[[ Data for this exercise open ]]

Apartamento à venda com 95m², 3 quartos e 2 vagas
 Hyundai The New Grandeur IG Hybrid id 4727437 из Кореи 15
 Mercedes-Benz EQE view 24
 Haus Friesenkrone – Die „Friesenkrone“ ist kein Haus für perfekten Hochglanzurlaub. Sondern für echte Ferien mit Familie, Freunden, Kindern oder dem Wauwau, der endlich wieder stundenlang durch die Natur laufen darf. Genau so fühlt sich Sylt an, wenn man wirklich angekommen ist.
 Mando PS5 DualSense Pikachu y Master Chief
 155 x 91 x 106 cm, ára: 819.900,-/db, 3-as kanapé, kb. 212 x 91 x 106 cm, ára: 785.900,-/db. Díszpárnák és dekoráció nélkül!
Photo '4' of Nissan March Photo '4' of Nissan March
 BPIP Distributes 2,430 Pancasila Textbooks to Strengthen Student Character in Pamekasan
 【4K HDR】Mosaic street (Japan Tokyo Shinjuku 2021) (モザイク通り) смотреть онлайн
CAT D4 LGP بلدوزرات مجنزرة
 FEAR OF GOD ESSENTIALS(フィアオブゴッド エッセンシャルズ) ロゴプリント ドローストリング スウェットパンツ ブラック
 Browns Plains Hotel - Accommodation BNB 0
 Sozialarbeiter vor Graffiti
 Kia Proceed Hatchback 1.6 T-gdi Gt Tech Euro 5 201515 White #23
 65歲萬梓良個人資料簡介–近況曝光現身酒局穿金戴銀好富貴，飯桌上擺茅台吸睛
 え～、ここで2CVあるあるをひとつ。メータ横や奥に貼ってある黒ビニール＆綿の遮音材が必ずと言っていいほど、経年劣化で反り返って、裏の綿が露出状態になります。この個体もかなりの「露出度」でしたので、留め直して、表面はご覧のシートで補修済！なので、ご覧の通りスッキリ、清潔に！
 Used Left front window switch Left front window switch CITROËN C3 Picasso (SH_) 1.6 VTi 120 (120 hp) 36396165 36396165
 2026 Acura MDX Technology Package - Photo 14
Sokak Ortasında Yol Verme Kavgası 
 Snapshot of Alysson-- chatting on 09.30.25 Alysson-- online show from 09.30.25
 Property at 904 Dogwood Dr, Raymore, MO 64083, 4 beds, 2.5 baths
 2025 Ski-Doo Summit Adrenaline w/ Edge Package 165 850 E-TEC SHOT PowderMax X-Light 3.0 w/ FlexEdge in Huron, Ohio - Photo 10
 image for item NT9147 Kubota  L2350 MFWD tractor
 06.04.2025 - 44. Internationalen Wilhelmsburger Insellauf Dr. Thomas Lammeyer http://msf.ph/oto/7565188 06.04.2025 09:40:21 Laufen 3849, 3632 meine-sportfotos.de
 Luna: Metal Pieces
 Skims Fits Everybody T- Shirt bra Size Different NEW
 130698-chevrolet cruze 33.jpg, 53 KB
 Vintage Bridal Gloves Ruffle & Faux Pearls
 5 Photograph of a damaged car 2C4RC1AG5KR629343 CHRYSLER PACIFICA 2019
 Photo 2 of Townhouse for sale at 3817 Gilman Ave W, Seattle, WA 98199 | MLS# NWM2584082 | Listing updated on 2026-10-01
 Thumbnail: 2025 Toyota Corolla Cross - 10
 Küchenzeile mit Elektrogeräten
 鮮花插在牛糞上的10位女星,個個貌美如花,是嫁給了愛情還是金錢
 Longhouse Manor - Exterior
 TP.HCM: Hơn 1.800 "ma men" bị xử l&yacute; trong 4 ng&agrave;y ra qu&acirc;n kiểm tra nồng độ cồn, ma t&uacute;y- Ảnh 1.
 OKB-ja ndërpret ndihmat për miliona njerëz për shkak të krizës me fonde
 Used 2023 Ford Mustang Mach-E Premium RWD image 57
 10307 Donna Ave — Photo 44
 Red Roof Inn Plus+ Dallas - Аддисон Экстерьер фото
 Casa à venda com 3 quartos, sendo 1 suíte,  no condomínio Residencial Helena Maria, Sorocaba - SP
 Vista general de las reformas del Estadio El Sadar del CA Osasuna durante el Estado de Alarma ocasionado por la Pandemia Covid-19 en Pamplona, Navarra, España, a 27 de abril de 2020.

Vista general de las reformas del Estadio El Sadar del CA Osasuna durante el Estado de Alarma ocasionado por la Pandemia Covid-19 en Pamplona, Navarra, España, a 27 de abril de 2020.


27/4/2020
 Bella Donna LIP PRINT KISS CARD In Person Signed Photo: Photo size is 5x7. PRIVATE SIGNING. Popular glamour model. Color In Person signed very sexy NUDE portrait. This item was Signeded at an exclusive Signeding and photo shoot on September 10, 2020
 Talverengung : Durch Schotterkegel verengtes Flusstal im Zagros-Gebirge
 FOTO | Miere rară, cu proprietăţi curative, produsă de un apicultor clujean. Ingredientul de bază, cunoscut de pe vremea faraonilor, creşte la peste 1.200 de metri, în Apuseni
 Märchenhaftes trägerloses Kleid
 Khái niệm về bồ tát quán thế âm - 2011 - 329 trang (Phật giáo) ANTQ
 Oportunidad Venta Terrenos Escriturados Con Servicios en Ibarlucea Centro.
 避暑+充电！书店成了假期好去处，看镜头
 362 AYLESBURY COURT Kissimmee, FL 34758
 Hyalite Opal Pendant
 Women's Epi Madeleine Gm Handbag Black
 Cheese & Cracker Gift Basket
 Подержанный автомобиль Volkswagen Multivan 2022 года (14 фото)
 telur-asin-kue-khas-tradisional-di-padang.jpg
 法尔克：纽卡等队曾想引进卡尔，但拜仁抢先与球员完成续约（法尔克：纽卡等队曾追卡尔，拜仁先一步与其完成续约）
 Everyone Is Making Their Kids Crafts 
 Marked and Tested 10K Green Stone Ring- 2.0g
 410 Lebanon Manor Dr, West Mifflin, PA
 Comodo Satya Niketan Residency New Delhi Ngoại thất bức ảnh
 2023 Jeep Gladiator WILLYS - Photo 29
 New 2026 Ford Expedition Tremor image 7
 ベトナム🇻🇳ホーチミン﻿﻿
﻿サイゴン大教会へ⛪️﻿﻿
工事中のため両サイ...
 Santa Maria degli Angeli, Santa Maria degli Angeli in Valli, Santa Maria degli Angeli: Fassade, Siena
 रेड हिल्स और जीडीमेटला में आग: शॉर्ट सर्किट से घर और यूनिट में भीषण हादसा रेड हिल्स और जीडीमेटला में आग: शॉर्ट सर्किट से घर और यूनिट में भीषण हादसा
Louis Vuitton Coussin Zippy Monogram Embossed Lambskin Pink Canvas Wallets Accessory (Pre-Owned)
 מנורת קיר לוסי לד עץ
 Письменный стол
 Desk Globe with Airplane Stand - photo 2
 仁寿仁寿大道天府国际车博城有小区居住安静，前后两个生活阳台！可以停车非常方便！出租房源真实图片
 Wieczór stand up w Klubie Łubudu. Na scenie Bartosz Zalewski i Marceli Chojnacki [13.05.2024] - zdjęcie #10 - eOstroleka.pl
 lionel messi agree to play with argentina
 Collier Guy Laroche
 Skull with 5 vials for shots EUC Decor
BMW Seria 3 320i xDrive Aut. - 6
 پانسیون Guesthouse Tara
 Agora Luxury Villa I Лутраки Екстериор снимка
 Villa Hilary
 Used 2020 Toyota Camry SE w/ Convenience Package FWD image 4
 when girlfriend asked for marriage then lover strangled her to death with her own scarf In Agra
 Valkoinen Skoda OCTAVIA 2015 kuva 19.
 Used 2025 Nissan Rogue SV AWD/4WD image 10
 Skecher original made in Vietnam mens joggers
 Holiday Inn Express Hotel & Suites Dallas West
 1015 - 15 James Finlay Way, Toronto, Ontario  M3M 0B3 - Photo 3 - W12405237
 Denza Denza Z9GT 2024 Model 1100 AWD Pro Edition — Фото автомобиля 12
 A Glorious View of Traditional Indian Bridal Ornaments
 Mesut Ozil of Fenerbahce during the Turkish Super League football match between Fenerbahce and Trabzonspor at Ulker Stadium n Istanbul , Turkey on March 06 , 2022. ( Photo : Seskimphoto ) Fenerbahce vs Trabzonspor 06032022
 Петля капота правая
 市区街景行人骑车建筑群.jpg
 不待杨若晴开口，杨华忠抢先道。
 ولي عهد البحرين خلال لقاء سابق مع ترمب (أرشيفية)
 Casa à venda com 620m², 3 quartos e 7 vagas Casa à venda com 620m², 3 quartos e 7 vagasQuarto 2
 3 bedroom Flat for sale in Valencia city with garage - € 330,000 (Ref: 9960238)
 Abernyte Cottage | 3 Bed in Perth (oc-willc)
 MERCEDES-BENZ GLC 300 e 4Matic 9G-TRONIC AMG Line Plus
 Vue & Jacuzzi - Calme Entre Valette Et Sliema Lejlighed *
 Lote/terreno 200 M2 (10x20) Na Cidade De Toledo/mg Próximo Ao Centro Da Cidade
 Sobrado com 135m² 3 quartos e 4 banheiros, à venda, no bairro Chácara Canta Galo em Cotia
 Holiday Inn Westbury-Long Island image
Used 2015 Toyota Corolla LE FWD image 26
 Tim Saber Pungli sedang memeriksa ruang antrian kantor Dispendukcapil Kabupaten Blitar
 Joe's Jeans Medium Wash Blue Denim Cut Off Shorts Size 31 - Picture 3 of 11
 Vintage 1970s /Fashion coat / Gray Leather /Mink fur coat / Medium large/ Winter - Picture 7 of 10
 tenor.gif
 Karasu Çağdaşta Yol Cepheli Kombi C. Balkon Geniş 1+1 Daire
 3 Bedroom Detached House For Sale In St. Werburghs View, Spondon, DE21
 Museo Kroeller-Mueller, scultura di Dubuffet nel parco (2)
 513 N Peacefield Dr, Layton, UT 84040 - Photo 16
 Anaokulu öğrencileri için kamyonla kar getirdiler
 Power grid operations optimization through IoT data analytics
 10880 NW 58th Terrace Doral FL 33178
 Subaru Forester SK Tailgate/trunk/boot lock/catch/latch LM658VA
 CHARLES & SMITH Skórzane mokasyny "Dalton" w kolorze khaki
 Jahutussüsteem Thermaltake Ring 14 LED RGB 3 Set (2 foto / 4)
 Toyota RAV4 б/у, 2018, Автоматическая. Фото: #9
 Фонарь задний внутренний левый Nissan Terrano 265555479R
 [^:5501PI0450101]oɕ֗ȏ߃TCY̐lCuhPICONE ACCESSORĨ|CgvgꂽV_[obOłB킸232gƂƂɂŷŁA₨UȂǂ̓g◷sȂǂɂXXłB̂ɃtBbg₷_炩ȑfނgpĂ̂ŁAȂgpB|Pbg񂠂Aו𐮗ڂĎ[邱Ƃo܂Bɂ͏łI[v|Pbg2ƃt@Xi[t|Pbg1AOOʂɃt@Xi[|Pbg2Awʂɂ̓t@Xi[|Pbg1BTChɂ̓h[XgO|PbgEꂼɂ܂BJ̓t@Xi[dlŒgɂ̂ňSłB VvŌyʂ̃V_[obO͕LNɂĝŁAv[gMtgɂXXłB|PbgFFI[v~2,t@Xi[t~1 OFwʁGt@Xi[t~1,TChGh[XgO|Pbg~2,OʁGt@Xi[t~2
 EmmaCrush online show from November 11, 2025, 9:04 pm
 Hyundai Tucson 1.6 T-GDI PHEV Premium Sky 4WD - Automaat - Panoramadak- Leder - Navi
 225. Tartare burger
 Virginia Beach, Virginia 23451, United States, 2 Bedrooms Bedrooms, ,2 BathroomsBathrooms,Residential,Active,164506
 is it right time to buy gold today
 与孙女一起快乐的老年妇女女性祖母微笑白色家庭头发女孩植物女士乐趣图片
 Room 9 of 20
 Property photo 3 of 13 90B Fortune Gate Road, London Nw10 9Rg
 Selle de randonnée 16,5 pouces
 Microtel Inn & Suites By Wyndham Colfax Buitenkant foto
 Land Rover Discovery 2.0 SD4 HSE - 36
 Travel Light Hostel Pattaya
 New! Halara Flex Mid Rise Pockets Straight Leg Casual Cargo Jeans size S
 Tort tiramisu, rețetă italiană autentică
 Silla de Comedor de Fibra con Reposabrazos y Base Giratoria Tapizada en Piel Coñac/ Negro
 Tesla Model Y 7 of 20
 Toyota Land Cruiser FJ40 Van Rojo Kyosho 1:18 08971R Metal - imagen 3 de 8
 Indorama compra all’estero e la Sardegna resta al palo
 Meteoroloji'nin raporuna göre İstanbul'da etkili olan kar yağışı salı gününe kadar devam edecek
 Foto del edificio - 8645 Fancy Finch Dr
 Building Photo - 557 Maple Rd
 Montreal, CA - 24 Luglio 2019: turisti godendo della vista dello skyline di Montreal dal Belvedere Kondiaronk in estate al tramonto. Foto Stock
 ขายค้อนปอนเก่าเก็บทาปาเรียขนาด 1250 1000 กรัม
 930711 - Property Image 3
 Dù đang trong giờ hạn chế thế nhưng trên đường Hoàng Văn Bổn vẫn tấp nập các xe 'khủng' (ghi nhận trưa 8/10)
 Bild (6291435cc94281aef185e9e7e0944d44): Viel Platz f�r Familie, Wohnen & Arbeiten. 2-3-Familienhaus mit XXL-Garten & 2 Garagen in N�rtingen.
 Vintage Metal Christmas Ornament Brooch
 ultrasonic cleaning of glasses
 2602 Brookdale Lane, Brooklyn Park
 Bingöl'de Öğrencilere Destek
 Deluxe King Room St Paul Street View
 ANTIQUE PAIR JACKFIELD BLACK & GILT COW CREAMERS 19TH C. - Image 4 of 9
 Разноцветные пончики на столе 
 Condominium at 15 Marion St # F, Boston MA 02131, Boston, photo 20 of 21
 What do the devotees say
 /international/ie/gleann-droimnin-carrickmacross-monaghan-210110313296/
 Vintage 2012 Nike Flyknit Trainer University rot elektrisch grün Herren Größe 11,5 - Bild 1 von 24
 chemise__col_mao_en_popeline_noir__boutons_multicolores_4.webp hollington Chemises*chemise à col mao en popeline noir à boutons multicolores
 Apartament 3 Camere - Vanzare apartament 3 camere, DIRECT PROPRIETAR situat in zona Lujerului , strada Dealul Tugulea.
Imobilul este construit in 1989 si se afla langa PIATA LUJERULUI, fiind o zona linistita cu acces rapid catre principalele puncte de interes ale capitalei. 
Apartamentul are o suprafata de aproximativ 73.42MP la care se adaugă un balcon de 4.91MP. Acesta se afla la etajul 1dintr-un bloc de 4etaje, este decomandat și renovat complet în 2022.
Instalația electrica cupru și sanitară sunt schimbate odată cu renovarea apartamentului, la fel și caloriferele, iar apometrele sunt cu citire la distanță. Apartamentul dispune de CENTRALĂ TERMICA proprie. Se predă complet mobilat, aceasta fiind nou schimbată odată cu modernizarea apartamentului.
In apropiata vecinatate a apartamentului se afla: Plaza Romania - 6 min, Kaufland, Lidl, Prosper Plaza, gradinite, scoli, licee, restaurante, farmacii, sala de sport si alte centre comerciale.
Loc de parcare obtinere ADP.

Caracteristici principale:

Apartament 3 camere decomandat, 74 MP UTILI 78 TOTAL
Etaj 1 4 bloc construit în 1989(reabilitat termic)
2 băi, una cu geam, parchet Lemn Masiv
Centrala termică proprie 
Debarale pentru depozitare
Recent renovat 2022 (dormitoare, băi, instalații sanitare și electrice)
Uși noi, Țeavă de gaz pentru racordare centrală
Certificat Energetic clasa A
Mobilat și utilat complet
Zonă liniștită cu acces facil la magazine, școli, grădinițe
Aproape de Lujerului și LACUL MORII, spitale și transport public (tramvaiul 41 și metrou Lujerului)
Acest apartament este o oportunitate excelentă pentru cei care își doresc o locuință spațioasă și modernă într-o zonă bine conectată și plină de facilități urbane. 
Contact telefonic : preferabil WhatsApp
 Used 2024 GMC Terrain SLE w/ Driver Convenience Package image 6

[[ Data for this exercise closed ]]

Quote the data above from the line containing "Wieczór stand up" to the line containing "Villa Hilary", inclusive, and stop.

Written solution:
 Wieczór stand up w Klubie Łubudu. Na scenie Bartosz Zalewski i Marceli Chojnacki [13.05.2024] - zdjęcie #10 - eOstroleka.pl
 lionel messi agree to play with argentina
 Collier Guy Laroche
 Skull with 5 vials for shots EUC Decor
BMW Seria 3 320i xDrive Aut. - 6
 پانسیون Guesthouse Tara
 Agora Luxury Villa I Лутраки Екстериор снимка
 Villa Hilary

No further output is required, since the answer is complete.